Where HEOR Fits in Drug Development

Pharmaceutical companies increasingly integrate HEOR work from the earliest phases of product development through launch and beyond. Early in development, HEOR teams help identify what evidence payers will eventually require and design clinical trials to capture the right endpoints. During late-stage trials, they build the economic models and value arguments that will accompany the drug to market. After launch, HEOR generates real-world evidence from routine clinical practice, data that supplements controlled trial results and can support expanded coverage or new indications.

Real-world evidence deserves special mention because it has become one of HEOR’s most important tools. While clinical trials measure a drug’s performance under tightly controlled conditions, real-world data comes from electronic health records, insurance claims, patient registries, and other sources that reflect how treatments perform in everyday practice. Analyzing this data produces evidence on safety, effectiveness, and utilization patterns that payers and regulators increasingly expect to see.

How HEOR Teams Are Organized

Within a pharma company, HEOR professionals typically include health economists, epidemiologists, biostatisticians, and outcomes researchers. The department’s placement in the corporate structure varies and has been shifting in recent years. Some companies house HEOR under medical affairs, which strengthens the connection between scientific evidence and medical communication. Others place it under market access within the commercial division, which creates tighter alignment between pricing strategy and value demonstration.
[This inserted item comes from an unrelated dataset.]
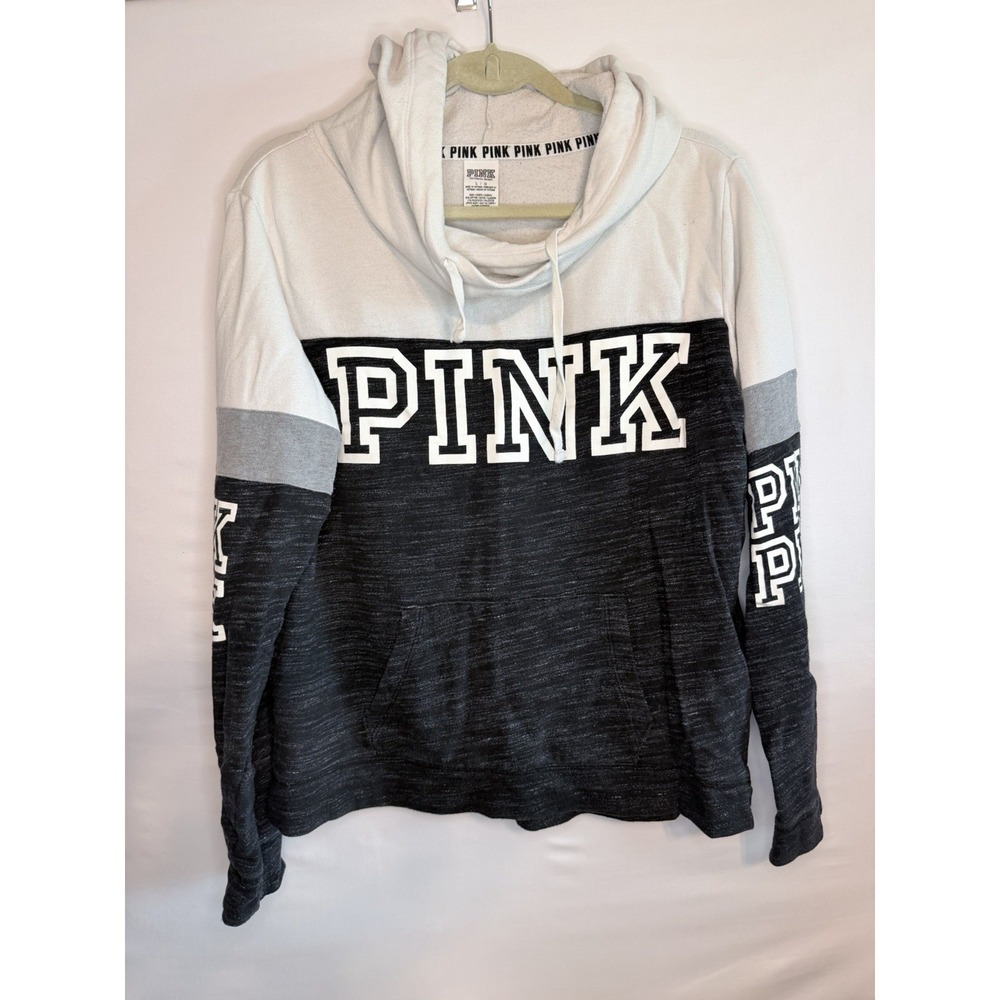 Y2k VS PINK Logo Black And White Pull Over Hoodie Woman's Size Large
Each model has tradeoffs. Under medical affairs, HEOR tends to produce more scientifically rigorous work but may be less directly connected to commercial strategy. Under market access, the link to pricing and payer negotiations is more direct, but there’s a risk that studies may prioritize commercial messaging over methodological strength. Companies that find leaders who can bridge both scientific depth and commercial strategy tend to gain a competitive edge.
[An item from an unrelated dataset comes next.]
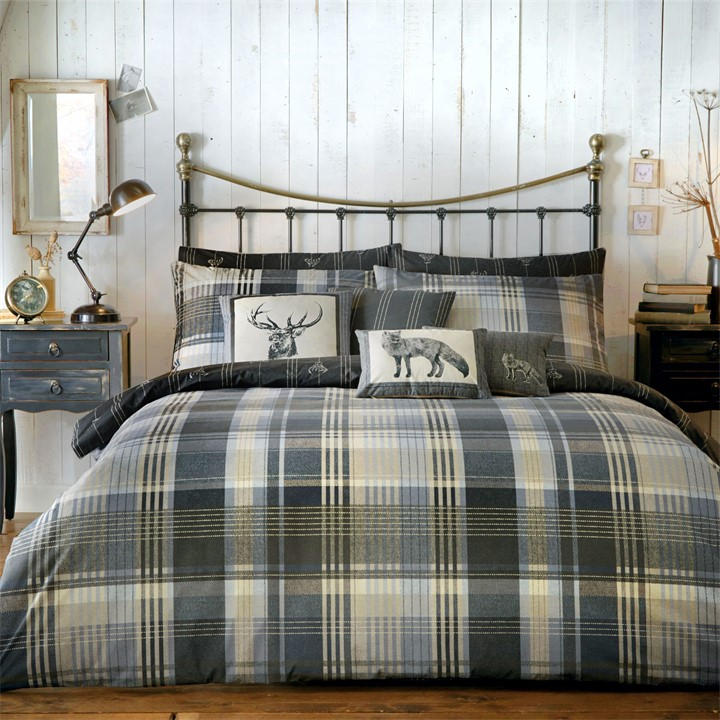 Dreams And Drapes Grey Connolly Check Brushed Cotton Duvet Cover Ochre - King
The Shift Toward Value-Based Healthcare

HEOR’s importance has grown alongside a broader global push toward value-based healthcare, the idea that health systems should pay for treatments based on the outcomes they deliver rather than the volume of care provided. This concept ranks among the top trends shaping the field, according to ISPOR, the leading professional society for HEOR. Organizations from the World Economic Forum to the European Commission have established platforms to define what “value” means in healthcare and set global standards for measuring outcomes.

Part of this shift involves expanding what counts as value beyond traditional clinical endpoints. There is growing emphasis on “whole health,” which considers factors like a patient’s ability to work, their mental wellbeing, and the burden a disease places on caregivers. As these broader definitions gain traction, HEOR teams are adapting their methods to capture outcomes that matter most to patients and societies, not just the metrics that fit neatly into existing economic models.